Prove that the sum of all positive integers $k$ with $1 \le k < n$ and $gcd(k,n)=1$ is $1 \over {2}$$n\phi(n)$
I know that there's a duplicate of this question out there, but only hints were given. Any help with a formal proof would be much appreciated.
Claim: If $k$ is co-prime to $n$, so is $n-k$.
Proof: By Bezout's theorem, there exist integers $x,y$ such that $xn+yk=1$. Now, note that $$xn+yk = xn+yn-yn+yk = (x+y)n+(-y)(n-k) = 1$$
Therefore, since a linear combination of $n-k$ and $n$ sums to $1$, it follows that these are also co-prime.
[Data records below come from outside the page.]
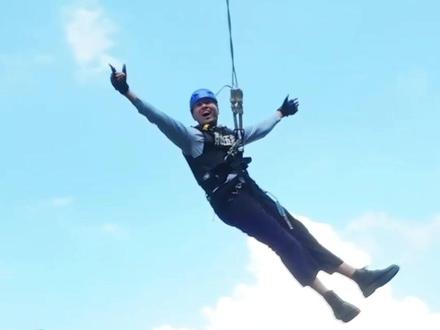 外国友人莽山荡绳初体验:人在天上飞,魂在后面追!#莽山酷玩云端 #莽山大荡绳 #莽山五指峰景区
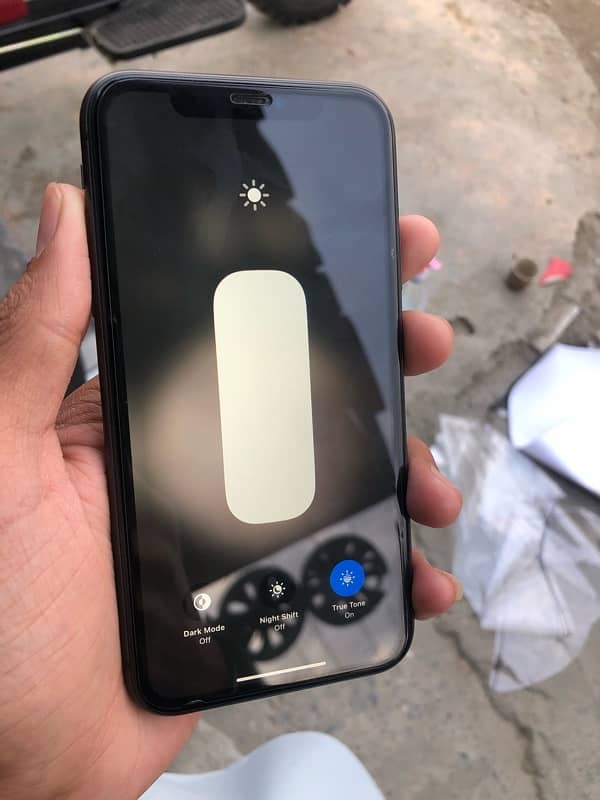 iPhone 11 128gb JV waterproof 10 by 10 condition no open no repair. 1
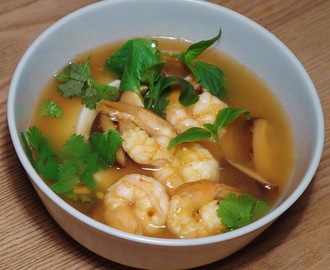 Tom Yum Kung - tajska zupa ostro-kwaśna z krewetkami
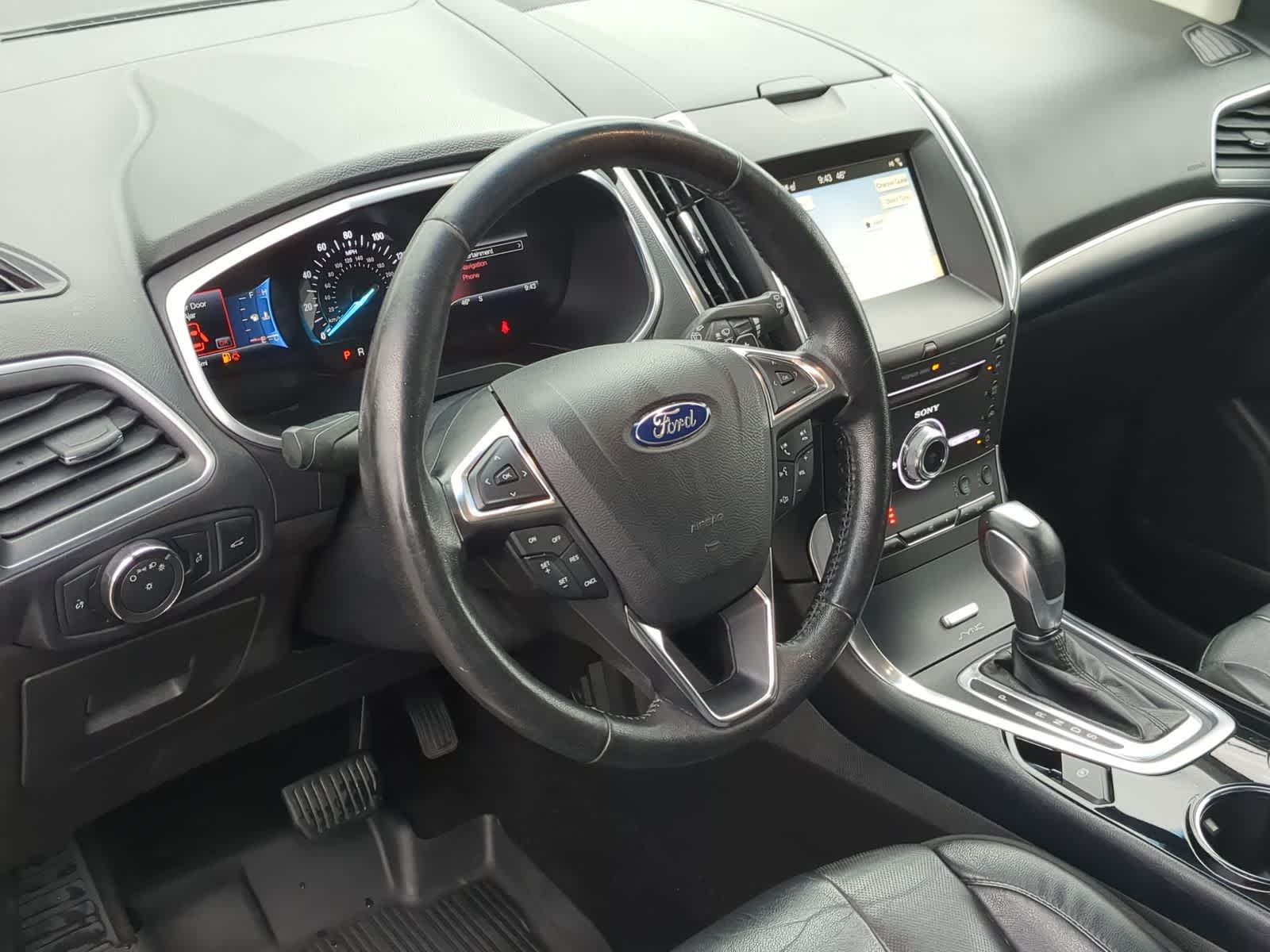 Thumbnail: 2017 Ford Edge - 14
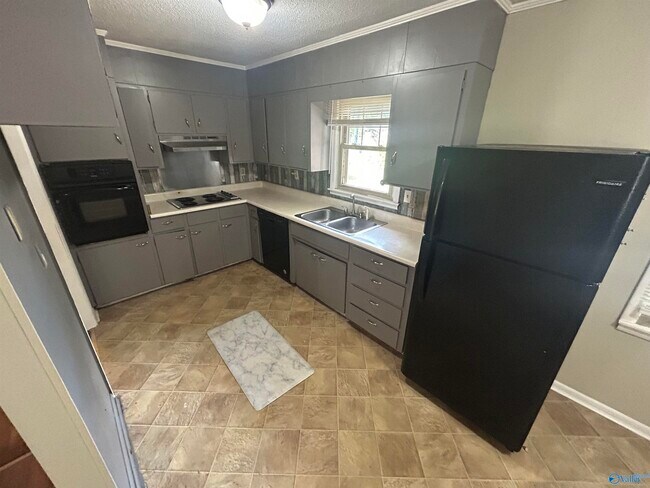 Building Photo - 4742 Bluehaven Dr NW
Hence, it follows that these numbers come in pairs, and distinct pairs, because if $k=n-k$, then $2k=n$, so $k,n$ won't be co-prime (unless $k=1$, but the claim is true for $k=1$ anyway). Furthermore, the sum of these pairs is $n-k+k=n$.
How many are the number of pairs? Well, there are precisely $\phi(n)$ co-prime numbers to $n$, which are less than $n$. Hence the number of pairs formed is $\frac{\phi(n)}{2}$, and the sum of each pair is $n$, so it follows that the total sum of all the co-prime numbers is $\frac{n\phi(n)}{2}$.
Example: For $9$, the co-prime numbers are $1,2,4,5,7,8$. They form pairs, $(1,8), (2,7),(4,5)$. Each pair sums to $9$, so the total is 27. Also, $\phi(9)=6$, and $\frac{9 \times \phi(9)}{2}=27$.